No game is perfect, and Furi is no exception. The first of its issues is that it is short. Your first playthrough will probably take around four hours, and subsequent playthroughs will be shorter because you know how to handle the different bosses. That being said I consider Furi a game that is meant to played at least a few times. I say this because Furi is unique when it comes to its hard difficulty, “Furier”. This difficulty does not just increase the health and damage of the bosses, but it gives them entirely new attack patterns. Each boss in hard mode is essentially a new boss from a gameplay perspective. Their attacks are similar, but they are changes enough that you have to learn them all over again, and they are tougher this time around. I don’t usually play through games multiple times, but Furi was an exception to that because hard mode was so enjoyable. Furthermore, because Furi is just action and nothing else, I can easily see myself revisiting it just for a quick boss rush in the near future. If I ever want some tense and fast-paced battles, Furi is my new go-to game.

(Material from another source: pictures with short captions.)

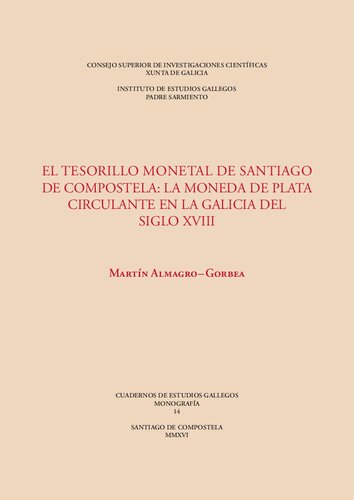 El tesorillo monetal de Santiago de Compostela : la moneda de plata circulante en la Galicia del siglo XVIII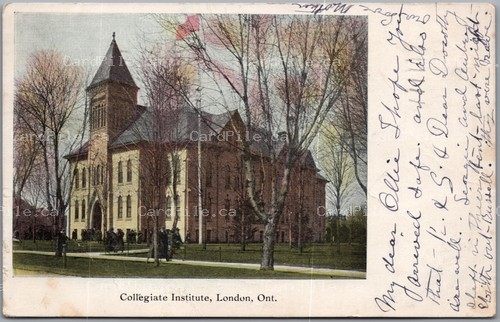 Postcard London Ontario 1906 Collegiate Institute to Ingersoll ONT
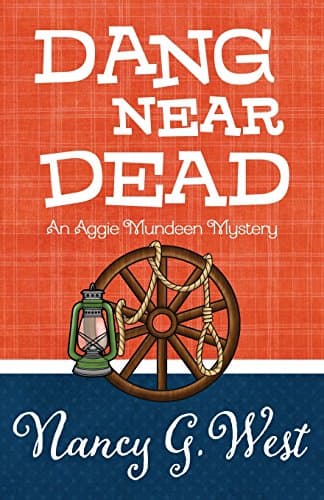 Book cover for Dang Near Dead (An Aggie Mundeen Mystery) by West, Nancy G.
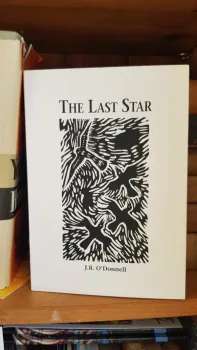 The Last Star by J.R.O'Donnell.  Ballinree Press Dublin 2018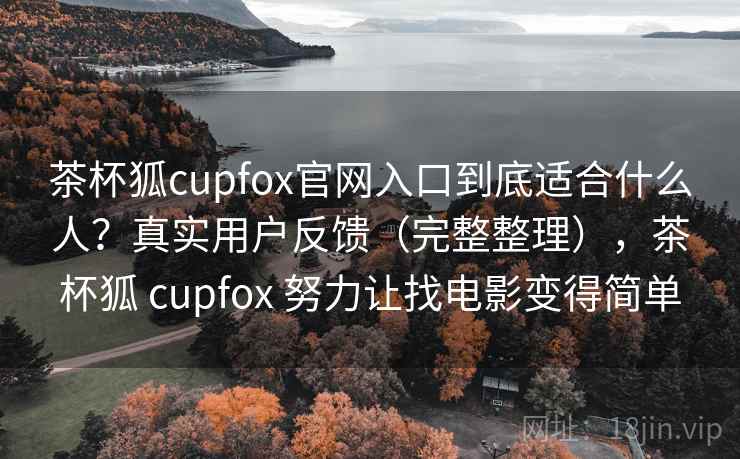 茶杯狐cupfox官网入口到底适合什么人？真实用户反馈（完整整理），茶杯狐 cupfox 努力让找电影变得简单  第2张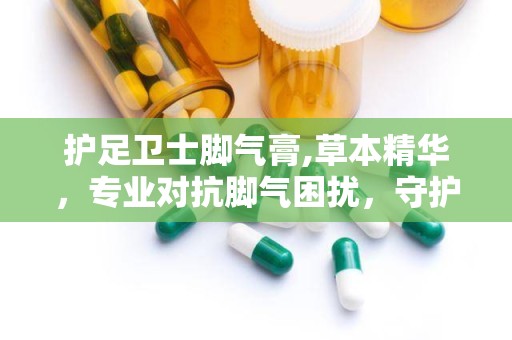 护足卫士脚气膏,草本精华，专业对抗脚气困扰，守护足部健康
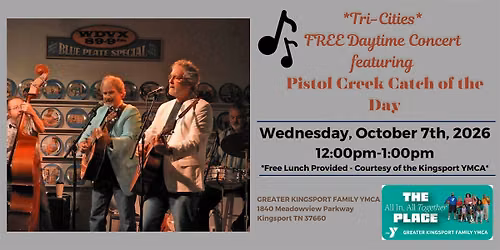 Tri-Cities - Music for Seniors FREE Daytime Concert with Pistol Creek COD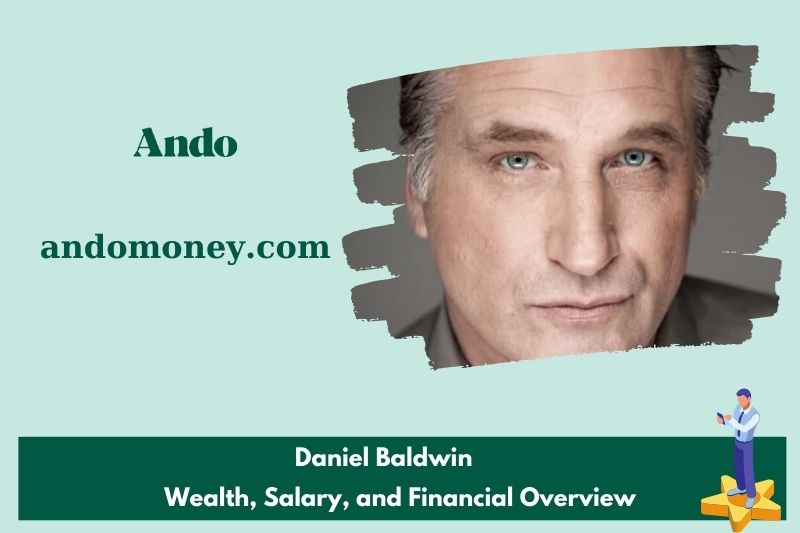 Daniel Baldwin assets, salary and financial overview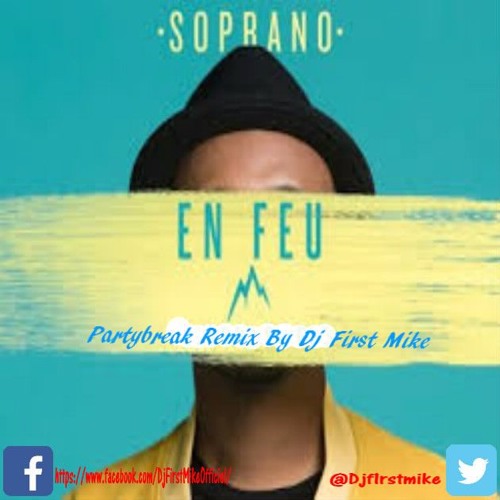Stream Soprano - En Feu Partybreak Remix 2016 By Dj First Mike by Dj ...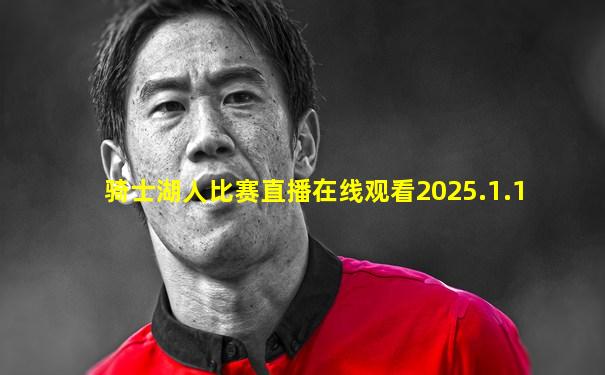 骑士湖人比赛直播在线观看2025.1.1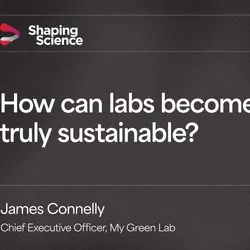 Shaping Science graphic featuring the question “How can labs become truly sustainable?” and a photo of James Connelly, Chief Executive Officer of My Green Lab.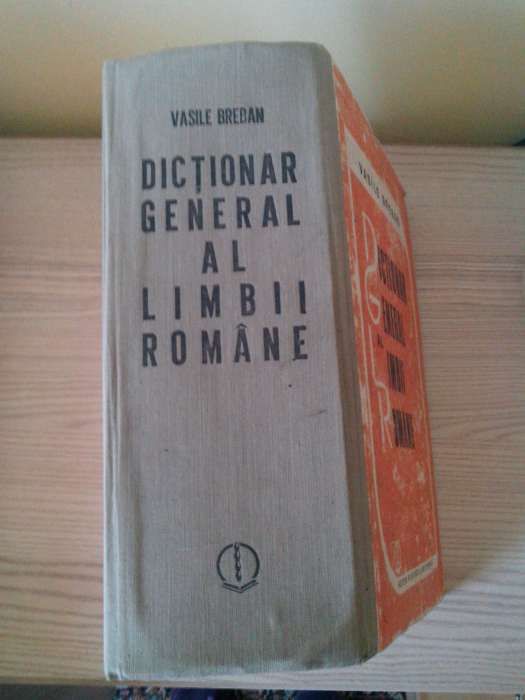 "Dictionar general al limbii romane" de Vasile Breban-1987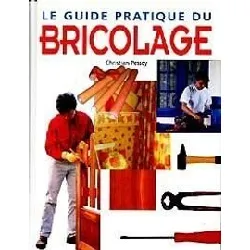 livre le grand guide pratique du bricolage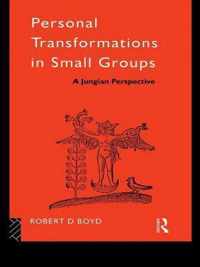 Personal Transformations in Small Groups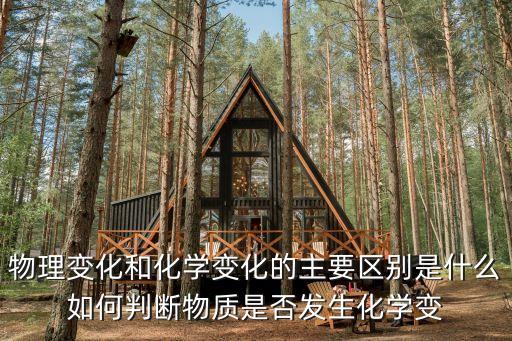 物理變化和化學(xué)變化的主要區(qū)別是什么如何判斷物質(zhì)是否發(fā)生化學(xué)變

All that being said, there is an issue with Furi being meant to be replayable. It’s the short sections in between the bosses. These sections are basically cutscenes, your character walks along while another character spews narrative at you. This serves three purposes: First as a cool-down period between the high-octane fights, second as a means to get some narrative and storytelling, and third it is meant to build up the next boss. This was fine my first time around, but on subsequent playthroughs this becomes unnecessary. You should be able to skip these sections because players who already beat the game don’t need to hear the story or about the bosses again, they just want some action. Of course, you could watch them if you want to again, but they should be skippable. Especially because there is about an hour of these sections in the game, and the game is only a few hours long. A large chunk of play time is devoted to these walking sections.
Furi is a very niche game. It is intense, it is challenging, and it is not meant for everybody. This is not strictly a bad thing as I would prefer a tightly-knit game like Furi to a messy and unfocused game. But Furi is strictly action, and that action is very fast-paced. So, if that doesn’t sound appealing to you then stay away from Furi. If what I’ve said sounds fun to you, then you absolutely have to play Furi. For these reasons I give Furi an 9/10. It is an absolutely phenomenal action game with an innovative combat system. However, if you don’t like rapid combat and challenging bosses, then don’t bother.